Implementation of the Soundex algorithm (function) in different programming languages

Implementation of the Soundex algorithm (function) in different programming languages

Soundex is a phonetic algorithm for indexing names by sound, as pronounced in English, SOUNDEX codes from different strings can be compared to see how similar the strings sound when spoken.

The first character of the code is the first character of the expression, converted to upper case. The second through fourth characters of the code are numbers that represent the letters in the expression. The letters A, E, I, O, U, H, W, and Y are ignored unless they are the first letter of the string. All international alphabetic characters outside the A-Z range are treated as vowels. Hence, two strings that sound almost the same should have identical soundex strings. For instance, the words "text" and "tixt" both produce a soundex of “T230”.
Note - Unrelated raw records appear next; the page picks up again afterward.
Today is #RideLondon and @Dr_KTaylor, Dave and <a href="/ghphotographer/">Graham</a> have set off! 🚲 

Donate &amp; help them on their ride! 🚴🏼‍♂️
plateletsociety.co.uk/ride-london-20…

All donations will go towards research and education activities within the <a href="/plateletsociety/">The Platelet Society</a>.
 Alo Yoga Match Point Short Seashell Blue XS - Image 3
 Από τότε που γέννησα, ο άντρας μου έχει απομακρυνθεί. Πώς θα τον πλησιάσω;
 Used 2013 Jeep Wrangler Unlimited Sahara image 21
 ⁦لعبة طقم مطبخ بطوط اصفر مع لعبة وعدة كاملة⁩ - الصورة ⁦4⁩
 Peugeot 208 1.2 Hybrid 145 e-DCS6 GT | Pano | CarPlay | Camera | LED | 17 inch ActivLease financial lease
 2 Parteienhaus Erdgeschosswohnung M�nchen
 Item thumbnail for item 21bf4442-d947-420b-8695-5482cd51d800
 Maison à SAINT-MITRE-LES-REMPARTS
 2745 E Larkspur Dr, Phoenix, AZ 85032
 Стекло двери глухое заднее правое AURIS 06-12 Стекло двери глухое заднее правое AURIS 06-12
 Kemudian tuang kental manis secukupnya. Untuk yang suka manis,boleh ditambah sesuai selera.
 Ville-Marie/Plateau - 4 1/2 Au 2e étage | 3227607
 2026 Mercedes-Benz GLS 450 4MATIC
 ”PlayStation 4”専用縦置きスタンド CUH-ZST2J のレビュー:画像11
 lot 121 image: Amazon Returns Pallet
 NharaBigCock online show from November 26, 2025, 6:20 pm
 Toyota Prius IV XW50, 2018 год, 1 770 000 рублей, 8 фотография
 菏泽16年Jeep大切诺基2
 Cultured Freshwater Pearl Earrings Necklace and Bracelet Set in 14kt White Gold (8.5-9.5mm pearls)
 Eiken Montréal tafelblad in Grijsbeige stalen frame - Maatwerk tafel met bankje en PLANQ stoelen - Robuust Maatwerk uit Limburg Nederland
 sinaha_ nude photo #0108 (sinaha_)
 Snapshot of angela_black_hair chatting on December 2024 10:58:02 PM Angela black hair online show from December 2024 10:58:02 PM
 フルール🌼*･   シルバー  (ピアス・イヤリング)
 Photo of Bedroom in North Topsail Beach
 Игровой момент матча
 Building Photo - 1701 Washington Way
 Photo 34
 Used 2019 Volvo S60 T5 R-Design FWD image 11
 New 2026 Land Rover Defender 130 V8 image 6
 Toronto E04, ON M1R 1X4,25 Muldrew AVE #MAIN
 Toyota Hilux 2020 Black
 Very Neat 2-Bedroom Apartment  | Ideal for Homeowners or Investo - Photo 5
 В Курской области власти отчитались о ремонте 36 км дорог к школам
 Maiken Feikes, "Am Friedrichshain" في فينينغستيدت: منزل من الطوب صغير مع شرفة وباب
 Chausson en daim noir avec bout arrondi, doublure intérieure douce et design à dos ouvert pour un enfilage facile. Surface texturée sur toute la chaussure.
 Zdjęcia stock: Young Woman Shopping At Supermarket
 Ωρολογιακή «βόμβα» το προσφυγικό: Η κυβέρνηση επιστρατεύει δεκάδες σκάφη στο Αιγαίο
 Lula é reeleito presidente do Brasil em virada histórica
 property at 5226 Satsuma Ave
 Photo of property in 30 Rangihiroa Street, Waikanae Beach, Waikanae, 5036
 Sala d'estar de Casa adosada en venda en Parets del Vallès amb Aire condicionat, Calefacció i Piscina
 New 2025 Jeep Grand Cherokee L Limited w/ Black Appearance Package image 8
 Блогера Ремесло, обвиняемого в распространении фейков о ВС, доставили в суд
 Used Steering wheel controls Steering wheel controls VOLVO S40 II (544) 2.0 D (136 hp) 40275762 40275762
In this article, you'll find its implementation in the following programming languages :

Let's get started !

C

#include <stdio.h>

static char code[128] = { 0 };

const char* soundex(const char *s)
{
	static char out[5];
	int c, prev, i;
 
	out[0] = out[4] = 0;
	if (!s || !*s) return out;
 
	out[0] = *s++;
 
	/* first letter, though not coded, can still affect next letter: Pfister */
	prev = code[(int)out[0]];
	for (i = 1; *s && i < 4; s++) {
		if ((c = code[(int)*s]) == prev) continue;
 
		if (c == -1) prev = 0;	/* vowel as separator */
		else if (c > 0) {
			out[i++] = c + '0';
			prev = c;
		}
	}
	while (i < 4) out[i++] = '0';
	return out;
}

void add_code(const char *s, int c)
{
	while (*s) {
		code[(int)*s] = code[0x20 ^ (int)*s] = c;
		s++;
	}
}
 
void init()
{
	static const char *cls[] =
		{ "AEIOU", "", "BFPV", "CGJKQSXZ", "DT", "L", "MN", "R", 0};
	int i;
	for (i = 0; cls[i]; i++)
		add_code(cls[i], i - 1);
}

Usage

int main()
{
    init();
    /* J126 */
    printf(soundex("Javascript"));
 
    return 0;
}

C#

using System.Text.RegularExpressions;

public static class Soundex
{
    public static string For(string word)
    {
        const int MaxSoundexCodeLength = 4;

        var soundexCode = new StringBuilder();
        var previousWasHOrW = false;

        word = Regex.Replace(
            word == null ? string.Empty : word.ToUpper(),
                @"[^\w\s]",
                    string.Empty);

        if (string.IsNullOrEmpty(word))
            return string.Empty.PadRight(MaxSoundexCodeLength, '0');

        soundexCode.Append(word.First());

        for (var i = 1; i < word.Length; i++)
        {
            var numberCharForCurrentLetter =
                GetCharNumberForLetter(word[i]);

            if (i == 1 &&
                    numberCharForCurrentLetter ==
                        GetCharNumberForLetter(soundexCode[0]))
                continue;

            if (soundexCode.Length > 2 && previousWasHOrW &&
                    numberCharForCurrentLetter ==
                        soundexCode[soundexCode.Length - 2])
                continue;

            if (soundexCode.Length > 0 &&
                    numberCharForCurrentLetter ==
                        soundexCode[soundexCode.Length - 1])
                continue;

            soundexCode.Append(numberCharForCurrentLetter);

            previousWasHOrW = "HW".Contains(word[i]);
        }

        return soundexCode
                .Replace("0", string.Empty)
                    .ToString()
                        .PadRight(MaxSoundexCodeLength, '0')
                            .Substring(0, MaxSoundexCodeLength);
    }

    private static char GetCharNumberForLetter(char letter)
    {
        if ("BFPV".Contains(letter)) return '1';
        if ("CGJKQSXZ".Contains(letter)) return '2';
        if ("DT".Contains(letter)) return '3';
        if ('L' == letter) return '4';
        if ("MN".Contains(letter)) return '5';
        if ('R' == letter) return '6';

        return '0';
    }
}

Usage

Soundex.For("CSharp Language") == Soundex.For("CSherp Language"); // True as C614 == C614

D

The D standard library (Phobos) contains already a soundex function.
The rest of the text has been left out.